The surge in US oil production and increased output by Opec members such as Saudi Arabia and Libya have added to the downward pressure on prices, which have also been held down by projections of weaker demand in Europe and China.
The US remains the world’s largest oil importer, but the proportion of its oil demand met by imports has fallen from 60 per cent in 2005 to 45 per cent last year. Though production is rising strongly, it is still a long way below its 1971 peak.
Edward Morse, head of commodities research for Citi, said: “Imports of light sweet crude into the US are dropping rapidly. West African exporters, faced by those disappearing markets and the problems in Europe, are having to seek out Asian markets.”
Advances in the techniques of horizontal drilling and hydraulic fracturing, first applied to shale gas reserves, are now making it possible to develop US oilfields in shale and similar rocks that were not previously commercially viable.
The result has been a dramatic increase in production. North Dakota, the heart of the new oil rush, this year overtook Alaska and California to have the second-highest oil output in the US, behind Texas.
US production is continuing to race ahead this year, rising 700,000 b/d from 2011 levels according to new figures from the International Energy Agency, the rich countries’ oil watchdog.
The rise in American oil supplies was the shadow that fell over every discussion at Opec headquarters in Vienna on Wednesday.
The prospect of sustained growth in US oil output, along with a few other non-Opec countries such as Canada and Brazil, is increasing the chance that the group’s influence over the price could be undermined.
In Vienna, Ryan Lance, chief executive of ConocoPhillips, the third-largest US oil group by production, set out a scenario of a global shale-oil revolution to chill the blood of the watching Opec ministers.
The US was seeing its first meaningful growth in oil production for 20 years, he said, and Conoco expects US shale liquids production to grow 150 per cent by 2020. “Thanks to both shale and the Canadian oil sands, North America could become self-sufficient in oil ... by 2025, and even a net exporter,” he said.

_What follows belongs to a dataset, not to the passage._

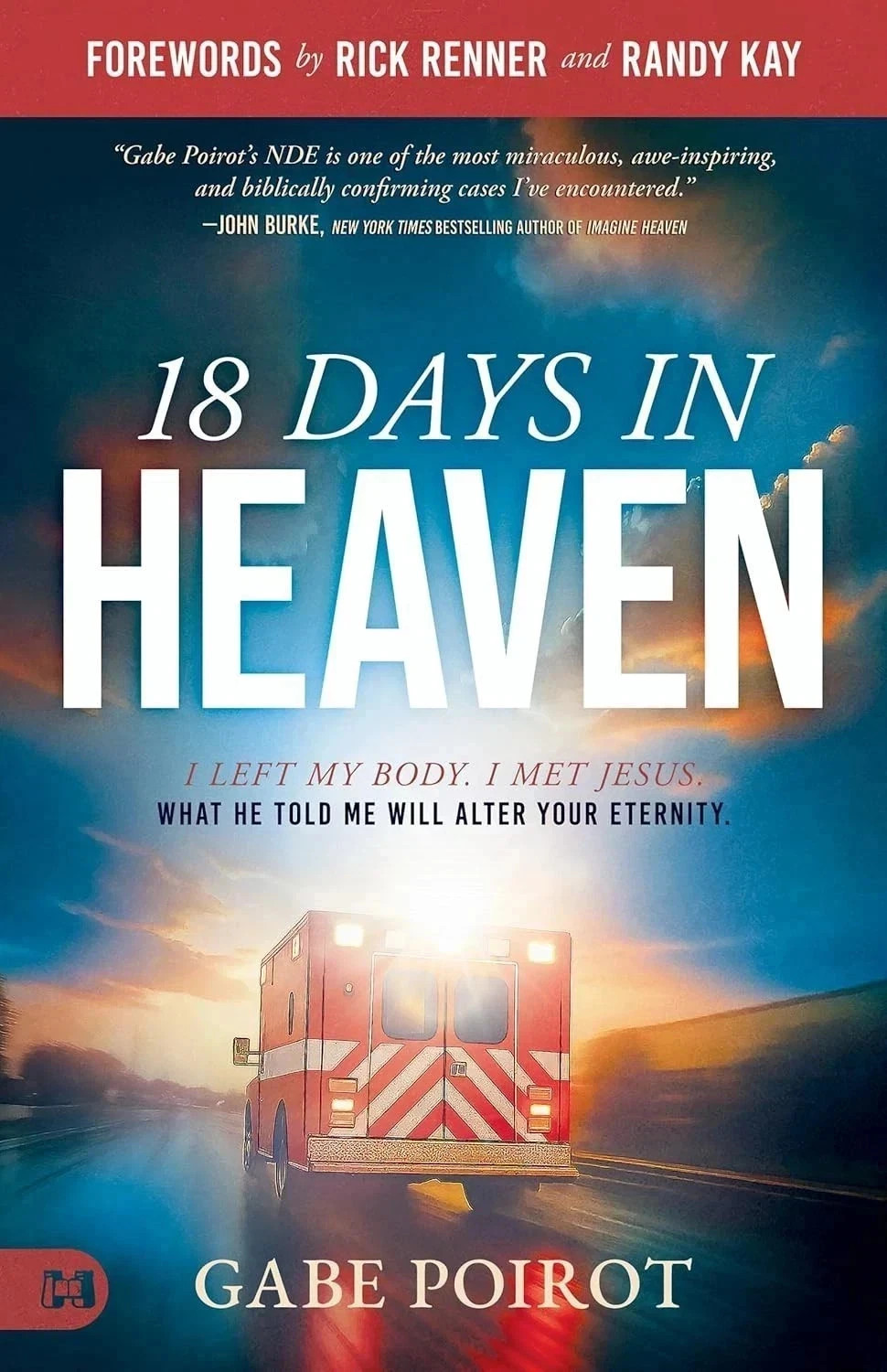18 Days in Heaven: I Left My Body. I Met Jesus. What … PAPERBACK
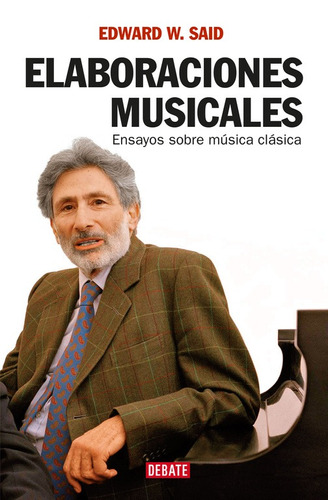 Elaboraciones musicales, de Said, Edward W.. Serie Historia Editorial Debate, tapa blanda en español, 2009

In a gesture to Ali Naimi, Saudi Arabia’s oil minister who was chairing the session, Lance added that no one expected a level of US exports close to the kingdom’s 8m barrels a day.
However, he added, there was also potential to produce shale worldwide. Conoco and many other companies were pursuing shale opportunities in countries including Canada, Australia and Poland.
“For too long, we’ve faced inaccurate perceptions in consuming nations of resource scarcity,” he said. “[Now] both governments and consumers are becoming more aware of the greater abundance of oil and natural gas.”
Outwardly, Opec ministers and officials are sceptical that their share of world oil markets will be eroded.
Rafael Ramirez, Venezuela’s oil minister, said consuming countries were under a delusion that shale would “come to their rescue”. Abdalla El-Badri, Opec’s secretary-general, acknowledged that shale oil and gas were changing the energy landscape. But he said there were unanswered questions around fracking, particularly its impact on groundwater.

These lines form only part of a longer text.